EXERCISE INSTRUCTIONS
Read the data, and whenever a line holds the word "online", report that line.
○ ○ ○ ○ ○ ○ ○
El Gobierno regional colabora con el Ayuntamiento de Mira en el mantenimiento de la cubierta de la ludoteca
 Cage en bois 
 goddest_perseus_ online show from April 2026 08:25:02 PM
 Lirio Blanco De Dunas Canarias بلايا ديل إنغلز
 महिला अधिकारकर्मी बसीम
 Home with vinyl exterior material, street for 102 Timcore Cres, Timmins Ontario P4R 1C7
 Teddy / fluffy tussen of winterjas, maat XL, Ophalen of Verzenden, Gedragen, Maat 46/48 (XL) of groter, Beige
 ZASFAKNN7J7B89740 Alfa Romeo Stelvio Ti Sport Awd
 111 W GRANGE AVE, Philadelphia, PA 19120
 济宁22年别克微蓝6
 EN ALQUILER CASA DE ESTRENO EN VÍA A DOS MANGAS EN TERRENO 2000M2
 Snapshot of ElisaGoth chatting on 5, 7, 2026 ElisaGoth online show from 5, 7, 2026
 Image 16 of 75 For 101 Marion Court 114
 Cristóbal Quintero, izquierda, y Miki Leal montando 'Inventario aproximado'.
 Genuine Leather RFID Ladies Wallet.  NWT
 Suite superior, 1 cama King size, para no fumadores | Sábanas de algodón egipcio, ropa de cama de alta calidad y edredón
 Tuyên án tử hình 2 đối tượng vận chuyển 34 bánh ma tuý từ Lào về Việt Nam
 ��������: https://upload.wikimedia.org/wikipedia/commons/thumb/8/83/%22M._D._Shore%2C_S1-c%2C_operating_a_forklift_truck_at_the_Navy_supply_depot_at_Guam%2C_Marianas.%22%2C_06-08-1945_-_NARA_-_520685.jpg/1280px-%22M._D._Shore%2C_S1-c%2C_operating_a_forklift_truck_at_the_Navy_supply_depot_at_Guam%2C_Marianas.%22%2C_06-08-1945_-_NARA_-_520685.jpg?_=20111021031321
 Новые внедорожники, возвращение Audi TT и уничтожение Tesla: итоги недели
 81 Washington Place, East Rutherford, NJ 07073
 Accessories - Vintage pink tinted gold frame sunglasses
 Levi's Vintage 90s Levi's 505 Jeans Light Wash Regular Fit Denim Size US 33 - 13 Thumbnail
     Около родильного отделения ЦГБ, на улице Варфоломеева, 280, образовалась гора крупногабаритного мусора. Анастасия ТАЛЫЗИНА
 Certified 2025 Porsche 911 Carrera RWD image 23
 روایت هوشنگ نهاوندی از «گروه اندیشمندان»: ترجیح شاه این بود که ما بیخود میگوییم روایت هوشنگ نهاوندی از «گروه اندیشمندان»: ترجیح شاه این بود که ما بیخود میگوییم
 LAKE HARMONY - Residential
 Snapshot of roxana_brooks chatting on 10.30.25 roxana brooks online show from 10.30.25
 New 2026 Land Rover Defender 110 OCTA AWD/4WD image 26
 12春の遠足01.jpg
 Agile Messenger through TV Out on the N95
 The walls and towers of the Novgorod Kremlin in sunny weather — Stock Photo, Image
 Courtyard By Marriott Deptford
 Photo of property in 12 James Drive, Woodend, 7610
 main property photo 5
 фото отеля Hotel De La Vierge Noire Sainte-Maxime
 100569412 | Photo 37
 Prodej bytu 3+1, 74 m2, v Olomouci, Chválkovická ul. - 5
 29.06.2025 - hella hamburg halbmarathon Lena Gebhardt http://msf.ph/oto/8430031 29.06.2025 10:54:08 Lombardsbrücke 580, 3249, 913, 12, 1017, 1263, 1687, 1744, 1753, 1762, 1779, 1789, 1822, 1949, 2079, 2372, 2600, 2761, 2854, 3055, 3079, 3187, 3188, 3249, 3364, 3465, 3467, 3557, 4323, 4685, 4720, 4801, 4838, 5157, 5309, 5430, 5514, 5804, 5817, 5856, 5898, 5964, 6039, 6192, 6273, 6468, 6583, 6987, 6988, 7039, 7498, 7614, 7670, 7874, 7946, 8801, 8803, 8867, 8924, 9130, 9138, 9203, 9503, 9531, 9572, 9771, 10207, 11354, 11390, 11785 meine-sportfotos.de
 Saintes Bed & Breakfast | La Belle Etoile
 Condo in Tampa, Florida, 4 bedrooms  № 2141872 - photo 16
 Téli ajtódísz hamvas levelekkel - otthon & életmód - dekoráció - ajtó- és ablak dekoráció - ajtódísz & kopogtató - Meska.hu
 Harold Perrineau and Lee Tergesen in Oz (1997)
○ ○ ○ ○ ○ ○ ○
ANSWER SPACE
 goddest_perseus_ online show from April 2026 08:25:02 PM
 Snapshot of ElisaGoth chatting on 5, 7, 2026 ElisaGoth online show from 5, 7, 2026
 Snapshot of roxana_brooks chatting on 10.30.25 roxana brooks online show from 10.30.25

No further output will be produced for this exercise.